Estas conversaciones no me pasan con todos mis familiares, tan solo con unos cuantos de esos que cumplen lo que se llama en nuestro país como “cuñao” (por su forma de estar y no por su relación de pariente). Tengo que hacer esta aclaración porque creo que en el diálogo con mis mayores aprendo muchísimo y que el problema en estos casos es siempre el mismo: que me tratan como si no tuviera razón solamente por ser la pequeña de la familia y, además, que por muchos argumentos que les des, nunca van a recapacitar y que al año siguiente te saldrán con lo mismo. Yo creo que ya lo hacen porque piensan que animan la comida, pero en realidad se te atraganta porque no son capaces de ver que si no dialogan contigo con argumentos y cariño, te están tratando como si parecieses tonta.
Porque si no hay argumentos ni se interesan por tu punto de vista lo que ocurre es que me hacen sentir juzgada, porque solo me dan “recomendaciones” hirientes (“a ver cuándo estudias algo que tenga salidas”, “ya sentarás la cabeza”). Aun así mi entrenamiento de todos los diciembres da su fruto y ya cuando me dan esos consejos (“porque ellos saben de la vida”) simplemente paso del tema. Cuando me cabreo es cuando sacan algún tema de actualidad política/social y dan argumentos simples que no hago más que rebatirlos, apelando también a que sean empáticos o, al menos, que traten de entender mi punto de vista aunque no lo compartan. Pero da igual porque cuando se sienten sin razones y acorralados es cuando llegan al victimismo (“si es que ya no se puede decir nada”, “las feministas os sentís atacadas por todo”, “no se puede ni hablar”) para, poco después, pasar al ataque porque “soy una exagerada” o “tengo la piel de cristal”.
Por cierto, menuda contradicción que aquellos que se escandalizan por la “piel de cristal” sean los primeros que se indignan con cualquier tontería y los que rápidamente van de víctimas. Y esto pasa en las mesas familiares, pero también en la política mediática.

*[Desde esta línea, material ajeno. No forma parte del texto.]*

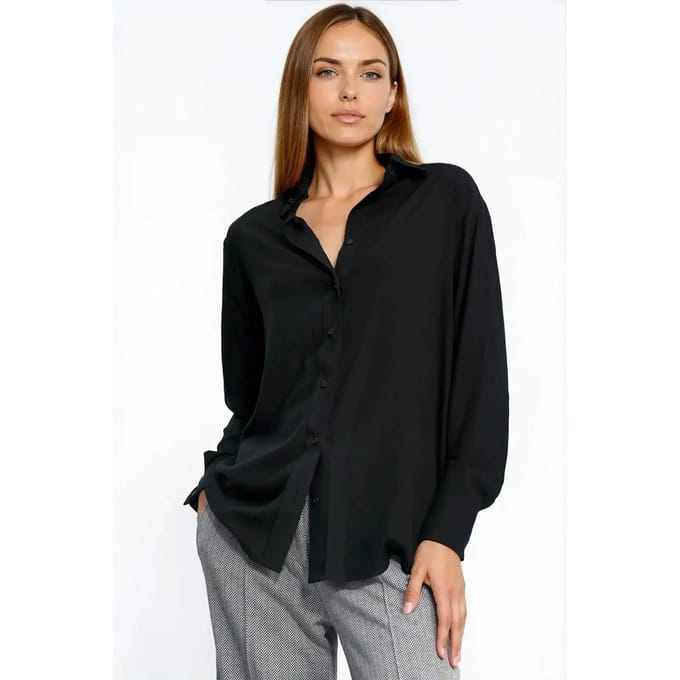 Vrouwen blouse van viscose Nife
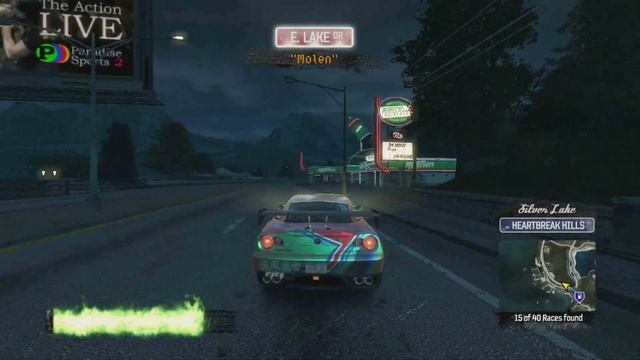 BURNOUT PARADISE: THE ULTIMATE BOX – V20171009 + ALL DLCS 1030 nvidia win10 смотреть онлайн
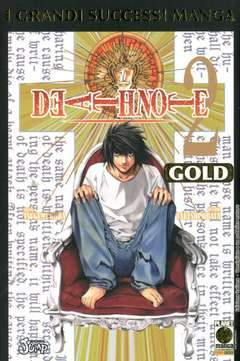 DEATH NOTE GOLD DELUXE libreria 2-Panini Comics- nuvolosofumetti.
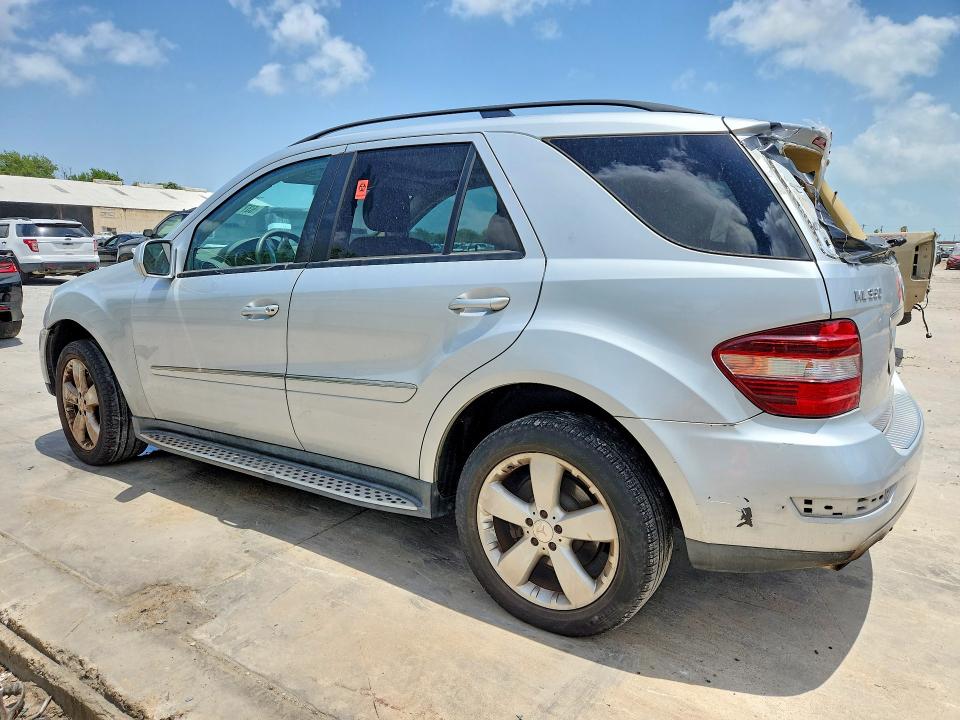 2009 Mercedes-benz Ml მანქანა იყიდება აუქციონზე, vin: 4JGBB56E59A523472, აუქციონის ნომერი: 63714916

Seguiré escuchando a los mayores con los que me siento cómoda hablando, porque aprendo de ellos y me siento escuchada aunque no comparta la mitad de las veces sus mismas opiniones ni ellos las mías. Esto no es una guerra generacional, es simplemente de educación y sensibilidad democrática y, también, de entender que da igual que estés en un ambiente familiar y de confianza porque esta se gana con el saber estar.
En fin, que yo ya paso de hacer este año el propósito de mi cuesta de enero. Al año que viene seguirá siendo lo mismo pero yo, al menos, no me habré propuesto esa estúpida promesa de callarme ante los que no son capaces de darme razones ni respetarme.